1. Introduction
The field of paleovirology research relies on detection of viral genomes embedded in DNA and raw sequencing data of its hosts. Because of smaller genomes and scarcity of integrated copies, sequence reads of these pathogens tend to be smaller than the average sequence reads of the hosts. Genome remnants of ancient viruses have been detected in ancient DNA (aDNA) samples ranging from the Middle Ages to the Paleolithic [
1,
2]. Reconstructing aDNA using genome mapping presents numerous challenges due to the unique nature of ancient samples, their degraded state, and limitations of current sequencing methodologies. These artifacts might produce spurious alignments in aDNA genome assemblies with even greater weight than in modern DNA assemblies.

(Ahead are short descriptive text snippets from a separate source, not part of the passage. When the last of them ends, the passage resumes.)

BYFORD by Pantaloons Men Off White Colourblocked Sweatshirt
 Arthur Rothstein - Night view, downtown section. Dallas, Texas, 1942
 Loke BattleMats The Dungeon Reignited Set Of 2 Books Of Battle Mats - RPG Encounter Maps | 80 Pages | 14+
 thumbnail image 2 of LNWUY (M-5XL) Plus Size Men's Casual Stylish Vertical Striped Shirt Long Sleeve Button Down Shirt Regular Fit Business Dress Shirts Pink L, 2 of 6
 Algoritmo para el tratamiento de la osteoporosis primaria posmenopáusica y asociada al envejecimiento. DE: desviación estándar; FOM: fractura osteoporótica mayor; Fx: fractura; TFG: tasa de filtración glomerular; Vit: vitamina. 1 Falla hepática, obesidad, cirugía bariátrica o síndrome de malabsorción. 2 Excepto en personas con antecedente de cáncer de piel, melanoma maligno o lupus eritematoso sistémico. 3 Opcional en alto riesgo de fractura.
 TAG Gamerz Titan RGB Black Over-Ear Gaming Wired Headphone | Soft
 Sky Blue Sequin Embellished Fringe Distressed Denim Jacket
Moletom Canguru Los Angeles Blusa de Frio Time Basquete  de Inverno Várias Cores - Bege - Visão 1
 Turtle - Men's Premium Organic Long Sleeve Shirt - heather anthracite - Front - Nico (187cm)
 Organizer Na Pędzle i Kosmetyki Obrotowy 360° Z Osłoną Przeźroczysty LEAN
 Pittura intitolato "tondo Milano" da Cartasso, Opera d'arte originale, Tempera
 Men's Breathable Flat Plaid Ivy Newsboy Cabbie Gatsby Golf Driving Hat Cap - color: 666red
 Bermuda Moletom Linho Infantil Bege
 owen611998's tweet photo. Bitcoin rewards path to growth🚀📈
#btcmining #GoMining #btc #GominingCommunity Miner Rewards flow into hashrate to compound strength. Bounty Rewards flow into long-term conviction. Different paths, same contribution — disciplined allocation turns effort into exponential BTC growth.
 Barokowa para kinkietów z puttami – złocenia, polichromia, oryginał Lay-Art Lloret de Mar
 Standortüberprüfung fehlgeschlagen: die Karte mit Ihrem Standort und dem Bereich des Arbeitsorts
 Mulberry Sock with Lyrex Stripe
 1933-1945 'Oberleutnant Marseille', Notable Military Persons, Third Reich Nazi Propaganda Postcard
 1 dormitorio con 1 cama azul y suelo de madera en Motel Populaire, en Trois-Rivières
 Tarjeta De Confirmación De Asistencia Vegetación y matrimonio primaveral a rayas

Spurious alignments in genome assemblies occur when sequences are incorrectly aligned to the reference genome due to various technical or biological factors [
3,
4]. These misalignments can lead to errors in genome annotation, variant calling, or downstream analyses. Common causes and contexts for spurious alignments are: (1) repetitive sequences, such as highly repetitive regions (e.g., transposable elements, satellite DNA) can cause reads to align to multiple loci, leading to ambiguous or incorrect placements, (2) paralogous regions, or sequences that are similar due to gene duplication events (paralogs) can align to incorrect paralogous loci instead of their true origin, (3) low-complexity regions such as regions with simple sequence repeats (e.g., homopolymers, di-/tri-nucleotide repeats) often cause misalignments because they lack unique sequence context, (4) errors introduced during sequencing, such as substitutions, insertions, or deletions, that can distort the sequence and lead to incorrect alignments, (5) poor reference quality, such as incomplete or inaccurate reference genomes can result in reads aligning to incorrect locations or being mapped to scaffold gaps, (6) cross-species contamination, when reads originating from contaminant DNA (e.g., symbionts, pathogens, or laboratory contamination) may spuriously align to the closest matching sequences in the reference genome and (7) inversions, translocations, or structural variants, when large structural rearrangements can mislead mapping algorithms, causing reads from one genomic context to align to a different one [
5].
False positives in variant calling can be caused by spurious alignments, when misalignments create the appearance of SNPs, indels, or structural variants that are not truly present in the sample [
6]. Also, misannotation of genes due to incorrect alignment of reads leads to errors in gene prediction or expression quantification and assembly gaps and chimeric contigs can be produced by misplaced reads that contribute to assembly errors, such as artificial contigs or scaffolds [
7]. Minimization of artifacts caused by spurious alignments can be obtained by improvements in mapping algorithms, masking repetitive elements, filtering of low-quality reads, stringent parameters, alternative reference genomes and post-mapping quality control. In cases of extreme complexity, performing
de novo assembly can help reconstruct genomic regions without reliance on a reference genome and
de novo assembly [
8].
In the case of ancient DNA, the challenge of genome assembly is even greater. Reconstructing aDNA using genome mapping presents numerous problems due to the unique nature of ancient samples, their degraded state, and limitations of current methodologies [
3]. The main problems with aDNA are: (1) DNA degradation by fragmentation, often into short pieces (~30-100 base pairs), making it difficult to map accurately to the reference genome, (2) chemical damage such as cytosine deamination causing C-to-T or G-to-A transitions, particularly at fragment ends, introducing errors in alignments and variant calling and (3) low complexity, where some degraded regions lose complexity and are difficult to align uniquely [
9].
All mainstream methods of DNA sequencing rely on reading fragments of DNA (reads), that are usually much smaller than the genome to be sequenced and assembled by mapping to a reference. The common abstraction to these methods is that of a mathematical covering problem. In 1988, Lander and Waterman published a study examining the covering problem which is still used as a guideline to estimate the desired sequencing coverage [
10]. In the Lander-Waterman model, the basic statistical assumption is that reads are generated uniformly, at random, from the genome, known as the homogeneity assumption. In the homogeneous model the coverage of each base pair follows a
Poisson distribution. This distribution, however, imposes a severe restriction because it excludes the possibility of overdispersed coverage distributions.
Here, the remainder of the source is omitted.